▸ Exercise goal:
Please write out the final portion of the records below exactly: the line containing "Gravel backyard featuring", every line after it, and nothing else.

▸ Data for processing:
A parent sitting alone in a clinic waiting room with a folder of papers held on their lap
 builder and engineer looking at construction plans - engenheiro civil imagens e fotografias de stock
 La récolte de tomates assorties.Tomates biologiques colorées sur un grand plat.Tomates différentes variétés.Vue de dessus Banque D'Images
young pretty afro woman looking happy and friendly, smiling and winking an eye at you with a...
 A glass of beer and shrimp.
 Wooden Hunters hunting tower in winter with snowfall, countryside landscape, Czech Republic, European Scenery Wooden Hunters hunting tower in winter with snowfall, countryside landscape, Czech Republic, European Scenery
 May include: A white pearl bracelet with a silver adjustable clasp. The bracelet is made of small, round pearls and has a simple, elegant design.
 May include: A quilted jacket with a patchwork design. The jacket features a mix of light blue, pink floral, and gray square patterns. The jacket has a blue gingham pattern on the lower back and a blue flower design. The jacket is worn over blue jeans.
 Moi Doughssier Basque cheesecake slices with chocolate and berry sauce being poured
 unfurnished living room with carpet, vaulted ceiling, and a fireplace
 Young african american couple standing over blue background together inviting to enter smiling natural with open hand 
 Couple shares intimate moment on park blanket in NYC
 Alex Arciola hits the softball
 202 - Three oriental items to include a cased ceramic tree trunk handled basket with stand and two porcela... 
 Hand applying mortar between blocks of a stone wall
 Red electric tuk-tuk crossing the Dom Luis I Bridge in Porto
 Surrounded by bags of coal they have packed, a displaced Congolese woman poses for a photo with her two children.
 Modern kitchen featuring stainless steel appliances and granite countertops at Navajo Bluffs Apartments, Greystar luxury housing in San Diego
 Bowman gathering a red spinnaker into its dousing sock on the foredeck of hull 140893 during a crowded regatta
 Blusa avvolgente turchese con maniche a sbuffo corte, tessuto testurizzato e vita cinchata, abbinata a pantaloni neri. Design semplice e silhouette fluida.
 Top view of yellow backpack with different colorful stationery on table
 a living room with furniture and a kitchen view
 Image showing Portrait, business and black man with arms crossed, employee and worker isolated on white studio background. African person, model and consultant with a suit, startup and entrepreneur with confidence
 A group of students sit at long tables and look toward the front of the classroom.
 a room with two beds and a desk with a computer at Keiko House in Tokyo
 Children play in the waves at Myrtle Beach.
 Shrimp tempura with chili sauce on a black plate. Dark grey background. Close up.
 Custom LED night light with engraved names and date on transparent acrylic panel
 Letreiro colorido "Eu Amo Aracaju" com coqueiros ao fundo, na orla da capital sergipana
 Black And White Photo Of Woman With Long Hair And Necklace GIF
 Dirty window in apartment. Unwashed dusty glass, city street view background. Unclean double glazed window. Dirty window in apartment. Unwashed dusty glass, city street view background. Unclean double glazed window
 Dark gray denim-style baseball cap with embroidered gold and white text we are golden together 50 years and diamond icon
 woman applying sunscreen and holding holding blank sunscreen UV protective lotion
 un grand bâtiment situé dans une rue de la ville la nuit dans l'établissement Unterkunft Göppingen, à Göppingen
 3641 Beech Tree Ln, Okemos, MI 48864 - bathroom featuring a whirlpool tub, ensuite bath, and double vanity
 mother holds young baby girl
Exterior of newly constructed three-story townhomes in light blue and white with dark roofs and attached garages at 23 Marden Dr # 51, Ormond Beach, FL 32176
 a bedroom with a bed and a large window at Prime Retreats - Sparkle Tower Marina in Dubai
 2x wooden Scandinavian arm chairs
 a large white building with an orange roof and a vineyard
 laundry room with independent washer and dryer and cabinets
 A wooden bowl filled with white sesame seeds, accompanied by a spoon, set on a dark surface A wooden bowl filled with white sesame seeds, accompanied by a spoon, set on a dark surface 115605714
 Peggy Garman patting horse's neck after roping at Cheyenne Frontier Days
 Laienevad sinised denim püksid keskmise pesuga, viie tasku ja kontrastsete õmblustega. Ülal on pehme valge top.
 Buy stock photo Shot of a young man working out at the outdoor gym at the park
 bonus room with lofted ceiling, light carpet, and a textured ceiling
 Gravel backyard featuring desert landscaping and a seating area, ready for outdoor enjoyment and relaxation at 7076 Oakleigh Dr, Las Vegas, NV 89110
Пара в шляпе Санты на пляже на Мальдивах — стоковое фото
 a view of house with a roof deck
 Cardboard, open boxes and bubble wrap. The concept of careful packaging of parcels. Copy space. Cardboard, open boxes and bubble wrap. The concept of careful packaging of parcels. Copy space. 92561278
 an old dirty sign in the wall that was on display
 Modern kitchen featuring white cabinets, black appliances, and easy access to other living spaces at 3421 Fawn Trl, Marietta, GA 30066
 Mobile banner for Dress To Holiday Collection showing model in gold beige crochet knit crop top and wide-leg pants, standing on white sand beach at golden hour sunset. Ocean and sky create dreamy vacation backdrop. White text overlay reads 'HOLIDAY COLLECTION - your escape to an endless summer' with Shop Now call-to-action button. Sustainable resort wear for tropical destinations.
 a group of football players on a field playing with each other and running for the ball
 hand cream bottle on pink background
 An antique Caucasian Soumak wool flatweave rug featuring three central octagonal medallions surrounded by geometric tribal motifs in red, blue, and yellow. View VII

▸ Your solution:
 Gravel backyard featuring desert landscaping and a seating area, ready for outdoor enjoyment and relaxation at 7076 Oakleigh Dr, Las Vegas, NV 89110
Пара в шляпе Санты на пляже на Мальдивах — стоковое фото
 a view of house with a roof deck
 Cardboard, open boxes and bubble wrap. The concept of careful packaging of parcels. Copy space. Cardboard, open boxes and bubble wrap. The concept of careful packaging of parcels. Copy space. 92561278
 an old dirty sign in the wall that was on display
 Modern kitchen featuring white cabinets, black appliances, and easy access to other living spaces at 3421 Fawn Trl, Marietta, GA 30066
 Mobile banner for Dress To Holiday Collection showing model in gold beige crochet knit crop top and wide-leg pants, standing on white sand beach at golden hour sunset. Ocean and sky create dreamy vacation backdrop. White text overlay reads 'HOLIDAY COLLECTION - your escape to an endless summer' with Shop Now call-to-action button. Sustainable resort wear for tropical destinations.
 a group of football players on a field playing with each other and running for the ball
 hand cream bottle on pink background
 An antique Caucasian Soumak wool flatweave rug featuring three central octagonal medallions surrounded by geometric tribal motifs in red, blue, and yellow. View VII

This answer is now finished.